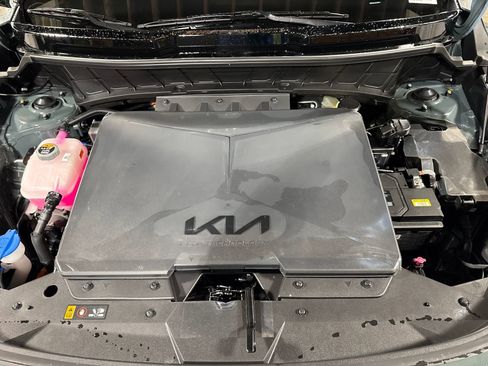 New 2026 Kia Niro Wind FWD image 12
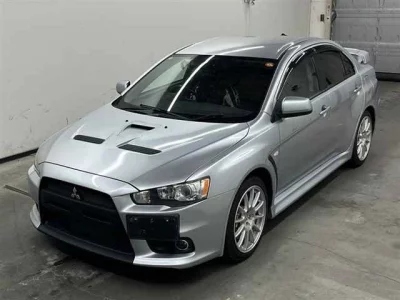 Mitsubishi LANCER  с аукциона в Японии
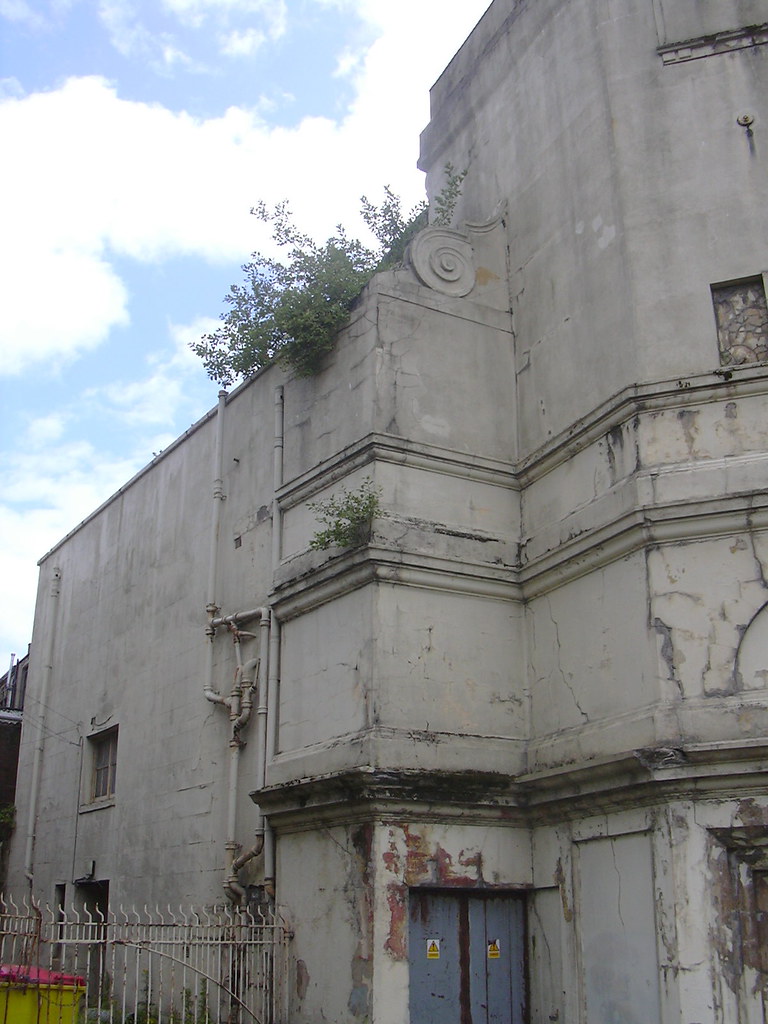 Empire Theatre, Cow Lane, Burnley Empire Music Hall, Empir… Flickr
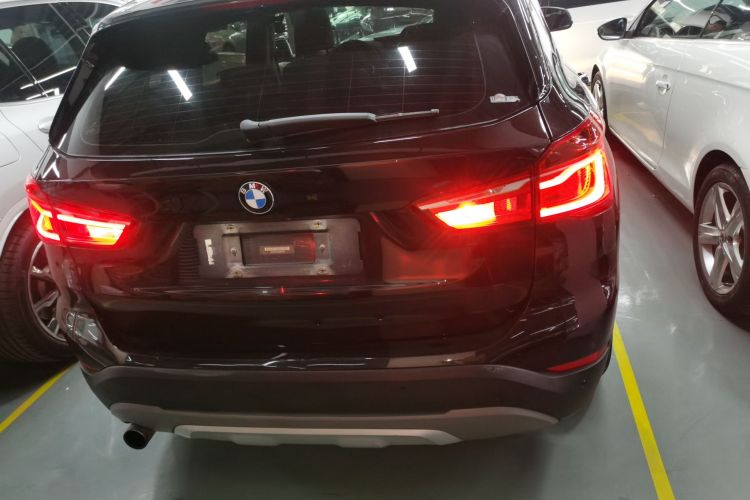 宝马X1 2018款 sDrive18Li 尊享型车身外观6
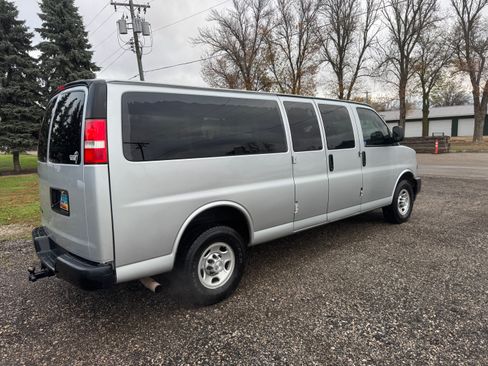 Used 2019 Chevrolet Express 3500 LS image 4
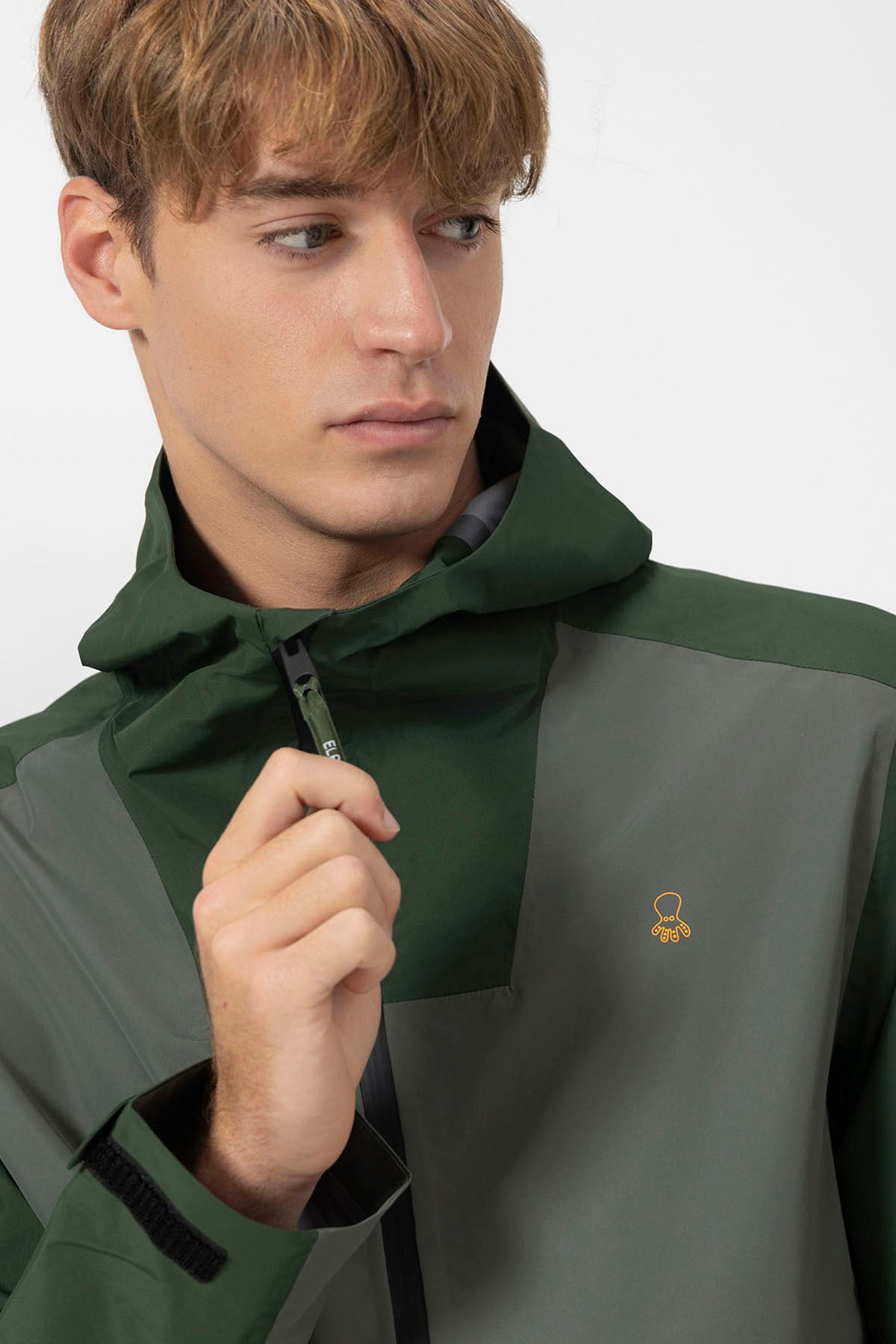 OCEAN BREEZE ULTRALIGHT TECHNICAL PARKA KHAKI GREEN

——

WHAT THE EXERCISE ASKS :: The copy must begin at the line containing "аукциона в Японии" and end at the last line of the data above, with every line retyped exactly and no pictures included.

SOLUTION TO THIS TASK ::
 Mitsubishi LANCER  с аукциона в Японии
 Empire Theatre, Cow Lane, Burnley Empire Music Hall, Empir… Flickr
 宝马X1 2018款 sDrive18Li 尊享型车身外观6
 Used 2019 Chevrolet Express 3500 LS image 4
 OCEAN BREEZE ULTRALIGHT TECHNICAL PARKA KHAKI GREEN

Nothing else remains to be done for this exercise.